§ Work order: Would you transcribe the entries below, beginning at the line with "Alright guys, so" and ending after the line with "A related topic", exactly, with no picture and nothing more?

─── Source data ───

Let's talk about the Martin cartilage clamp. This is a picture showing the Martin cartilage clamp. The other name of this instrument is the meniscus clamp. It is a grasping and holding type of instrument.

───
─── Source data ───

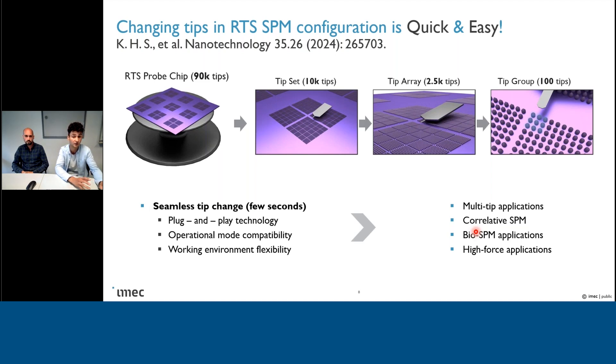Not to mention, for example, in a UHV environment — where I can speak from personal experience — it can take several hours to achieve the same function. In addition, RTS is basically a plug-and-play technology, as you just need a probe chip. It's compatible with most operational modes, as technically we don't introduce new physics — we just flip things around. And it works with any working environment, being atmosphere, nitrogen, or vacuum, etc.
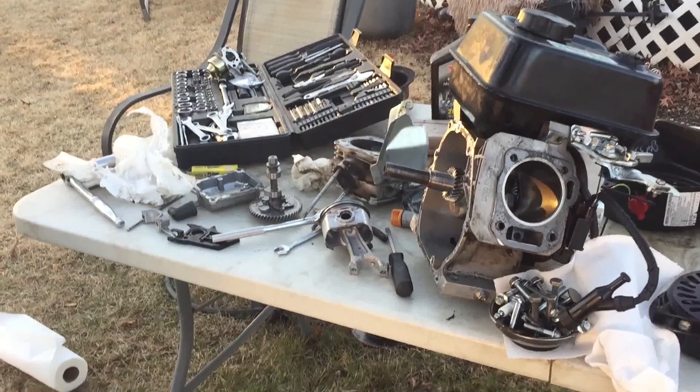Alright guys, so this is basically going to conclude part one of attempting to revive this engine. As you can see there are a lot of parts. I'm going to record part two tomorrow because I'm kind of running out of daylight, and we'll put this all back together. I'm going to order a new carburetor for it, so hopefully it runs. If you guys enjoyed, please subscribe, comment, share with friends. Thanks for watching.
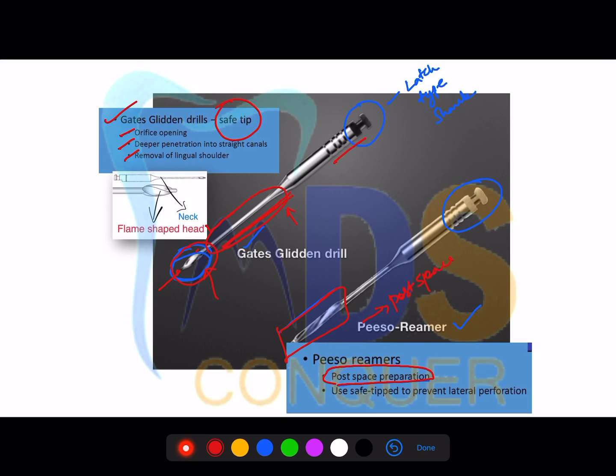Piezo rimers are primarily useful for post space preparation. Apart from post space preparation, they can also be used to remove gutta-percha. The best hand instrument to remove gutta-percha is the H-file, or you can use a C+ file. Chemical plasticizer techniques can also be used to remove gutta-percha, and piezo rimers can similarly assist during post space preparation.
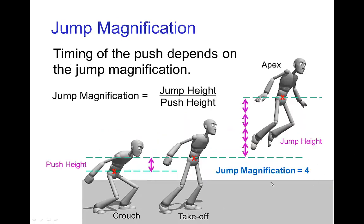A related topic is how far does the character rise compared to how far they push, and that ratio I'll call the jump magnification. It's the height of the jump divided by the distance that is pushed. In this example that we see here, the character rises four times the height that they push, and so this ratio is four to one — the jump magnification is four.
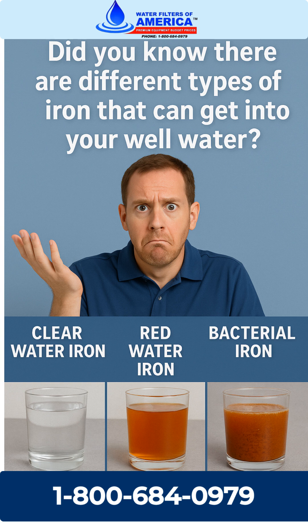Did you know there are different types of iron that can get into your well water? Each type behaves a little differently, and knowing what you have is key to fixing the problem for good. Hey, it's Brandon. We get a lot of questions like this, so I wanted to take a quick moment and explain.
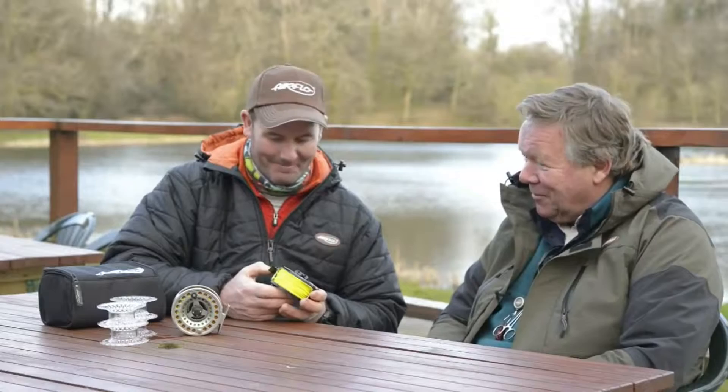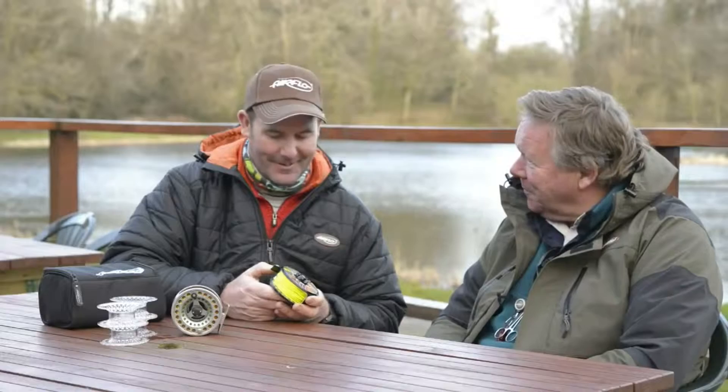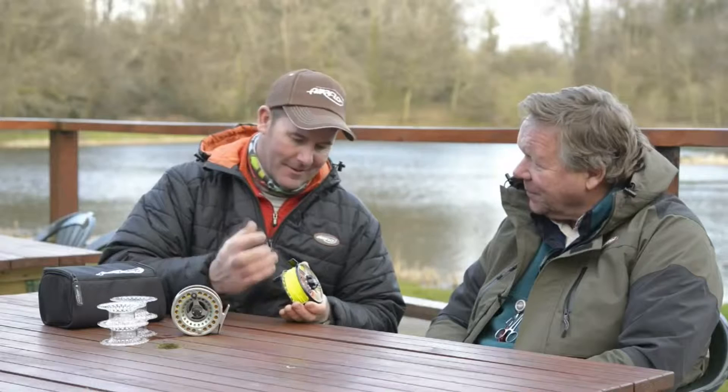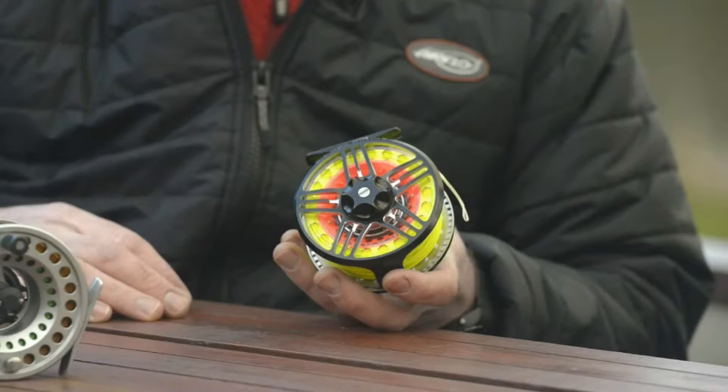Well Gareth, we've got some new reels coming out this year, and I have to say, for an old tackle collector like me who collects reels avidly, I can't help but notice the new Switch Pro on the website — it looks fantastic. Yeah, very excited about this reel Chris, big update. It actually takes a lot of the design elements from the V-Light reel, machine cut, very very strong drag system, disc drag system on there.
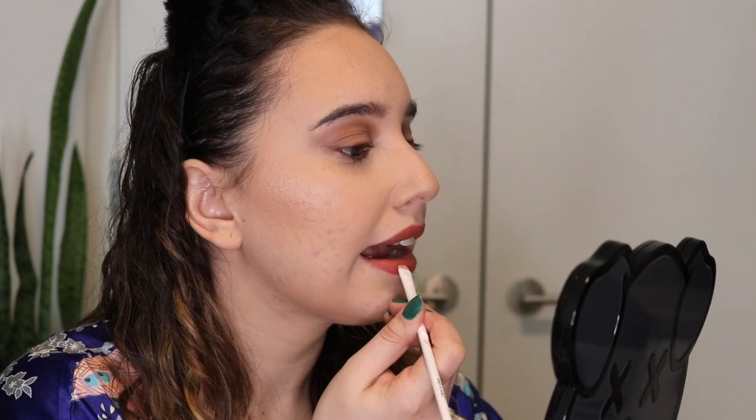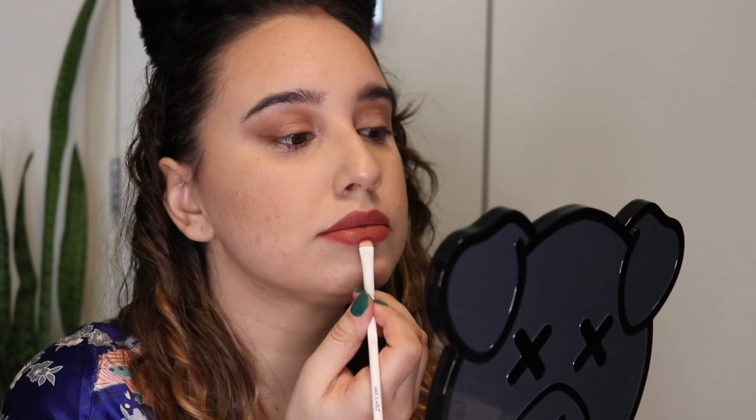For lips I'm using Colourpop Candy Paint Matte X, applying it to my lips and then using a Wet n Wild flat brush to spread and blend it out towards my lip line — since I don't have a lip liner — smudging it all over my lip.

───

§ Exercise solution:
Alright guys, so this is basically going to conclude part one of attempting to revive this engine. As you can see there are a lot of parts. I'm going to record part two tomorrow because I'm kind of running out of daylight, and we'll put this all back together. I'm going to order a new carburetor for it, so hopefully it runs. If you guys enjoyed, please subscribe, comment, share with friends. Thanks for watching.
Piezo rimers are primarily useful for post space preparation. Apart from post space preparation, they can also be used to remove gutta-percha. The best hand instrument to remove gutta-percha is the H-file, or you can use a C+ file. Chemical plasticizer techniques can also be used to remove gutta-percha, and piezo rimers can similarly assist during post space preparation.
A related topic is how far does the character rise compared to how far they push, and that ratio I'll call the jump magnification. It's the height of the jump divided by the distance that is pushed. In this example that we see here, the character rises four times the height that they push, and so this ratio is four to one — the jump magnification is four.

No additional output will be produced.